Below is a listing from which only part is wanted; return exactly the lines from the one with "Used 2014 Lexus" up to and including the one with "Półfinał Ogólnopolskiego Konkursu".

> _MATERIAL FOR THIS TASK_
——
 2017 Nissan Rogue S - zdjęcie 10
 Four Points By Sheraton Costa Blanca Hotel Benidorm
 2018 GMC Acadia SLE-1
——
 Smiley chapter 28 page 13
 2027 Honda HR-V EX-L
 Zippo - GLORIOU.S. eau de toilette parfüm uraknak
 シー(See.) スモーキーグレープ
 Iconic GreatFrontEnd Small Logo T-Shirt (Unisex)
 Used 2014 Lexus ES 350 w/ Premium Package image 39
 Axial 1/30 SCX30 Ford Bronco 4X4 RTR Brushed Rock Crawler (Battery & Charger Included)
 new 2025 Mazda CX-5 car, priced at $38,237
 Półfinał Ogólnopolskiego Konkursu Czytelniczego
——
> _RESPONSE BOX_
 Used 2014 Lexus ES 350 w/ Premium Package image 39
 Axial 1/30 SCX30 Ford Bronco 4X4 RTR Brushed Rock Crawler (Battery & Charger Included)
 new 2025 Mazda CX-5 car, priced at $38,237
 Półfinał Ogólnopolskiego Konkursu Czytelniczego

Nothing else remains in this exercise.